Ungkap Max dengan suara yang bergetar, air mata pemuda itu kini merembes ke pipinya, membuat Kelly dengan tak sadar ikut menitikkan air mata mendengar cerita masa lalu Max yang memilukan.

"Aku sangat membencinya! Aku benci harus punya ayah sepertinya-..."

"Sudah Max, hentikan."
Kelly langsung menghambur memeluk Max, menenangkan pemuda itu dengan mengelus punggungnya.

"Kenapa harus Ibu-ku yang dibunuh? Aku sangat menyayangi ibu, aku-..."

Kelly mengusap lembut punggung Max, bahu pemuda itu kini bergetar disertai dengan isakan tangisnya yang semakin membuat Kelly seperti ikut merasakan penderitaan pemuda di pelukannya.
"Ssssttt Max, sudah berhentilah. Tenanglah, hm? Kau tau? Aku juga sudah lama kehilangan kedua orang tuaku, mereka meninggal dalam kecelakaan. Setidaknya aku mengerti perasaanmu, jadi tenanglah."

Kelly melepaskan pelukannya, tangannya bergerak ke arah pipi Max, mengusap air mata pria itu.

"Sekarang kau mandilah, sudah jam 8 pagi. Setelah itu kita sarapan, aku sudah memanaskan makanan kita yang tidak habis tadi malam."
Max hanya menuruti perkataan Kelly seperti seorang anak yang menuruti perkataan ibunya, tanpa sepatah kata pun.

Kelly menatap punggung Max yang kini berjalan ke arah kamar mandi.
"Mungkinkah itu sebabnya dia menjadi pembunuh dan menutup diri pada semua orang?"
Gumam Kelly bertanya kepada dirinya sendiri, gadis tersebut mengusap air matanya dan kemudian beranjak membuka jendela kamar milik Max.

|||

"Kau menggunakan dapurku untuk memanaskan makanannya?"
Tanya Max tanpa melihat lawan bicaranya karena dia sedang sibuk mengelap rambut basahnya dengan handuk sehabis mandi.

"Ah ya, ada apa?"
Kelly mengangkat satu persatu makanan ke meja makan dan menatanya.

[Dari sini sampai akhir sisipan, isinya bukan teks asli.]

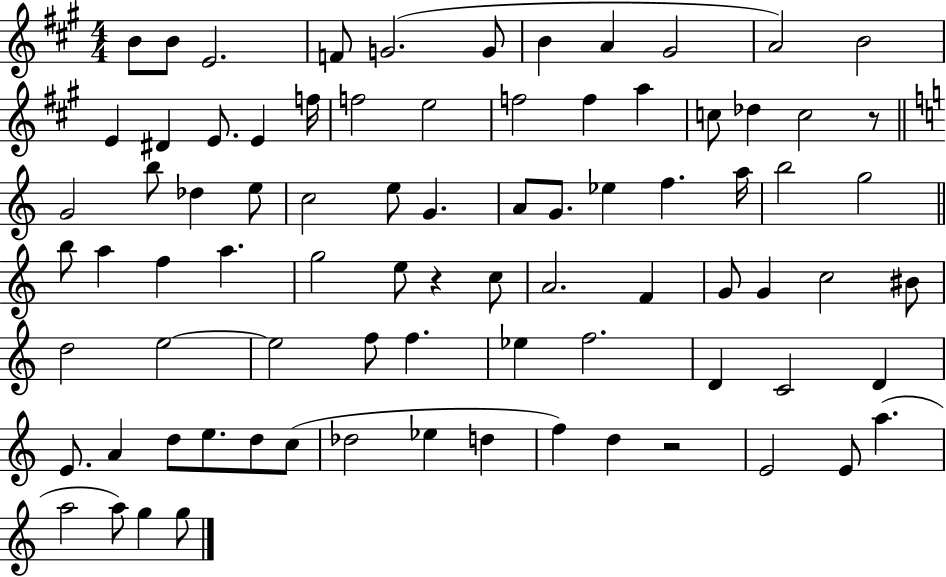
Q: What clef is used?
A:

"Kau tak boleh melakukannya lagi, biarkan aku yang memasak untukmu. Aku tak ingin merepotkanmu, Kelly."

Kelly menggeleng cepat, "Tidak Max, ini sama sekali tak merepotkanku, aku sudah terbiasa memasak sendiri."

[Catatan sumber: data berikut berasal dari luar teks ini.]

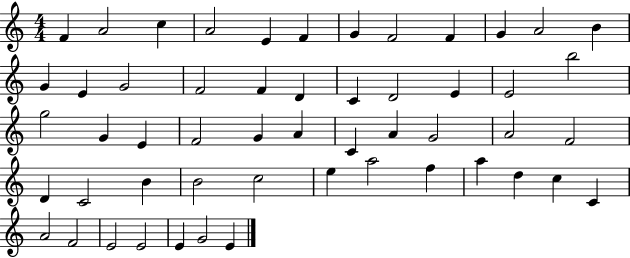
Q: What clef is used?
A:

Max menggeser kursi yang berhadapan dengan Kelly, pemuda itu kini melilitkan handuknya di lehernya.

"Baiklah, terserah kau saja." Balas Max sembari memandang Kelly, Max menaikkan sebelah alisnya begitu mendapati wajah Kelly, "Ada apa dengan wajahmu? Wajahmu memerah, apa kau baik-baik saja?"

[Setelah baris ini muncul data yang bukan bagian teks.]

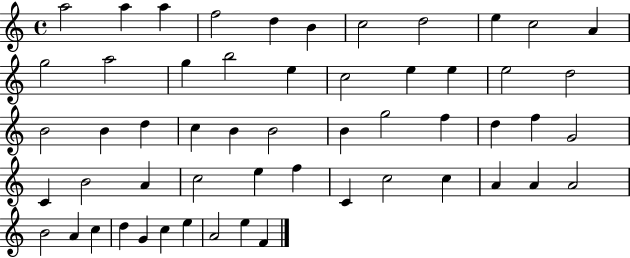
X:1
T:Untitled
M:4/4
L:1/4
K:C
a2 a a f2 d B c2 d2 e c2 A g2 a2 g b2 e c2 e e e2 d2 B2 B d c B B2 B g2 f d f G2 C B2 A c2 e f C c2 c A A A2 B2 A c d G c e A2 e F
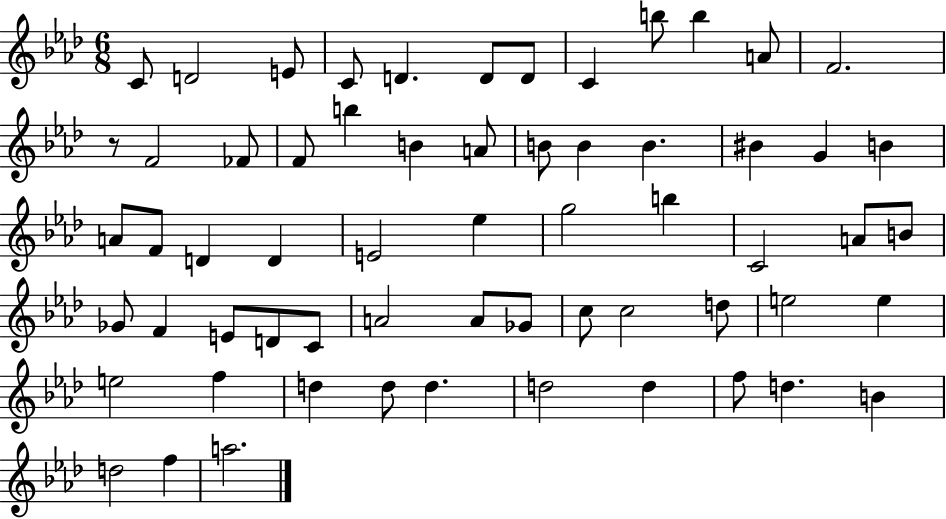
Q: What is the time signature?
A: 6/8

Kelly tersentak, lalu membuang wajahnya ke arah lain.
"Max, ke-kenakan pakaianmu dulu sebelum makan."

Max menunduk dan mendapati tubuh bagian atasnya yang ter'ekspos.
"Maafkan aku." Max menggaruk tengkuknya yang tak gatal dan segera bangkit dari kursinya lalu melangkah ke arah kamarnya, meninggalkan Kelly yang masih merona, karena gadis itu dapat melihat dengan jelas tubuh sixpack Max terpampang nyata di hadapannya.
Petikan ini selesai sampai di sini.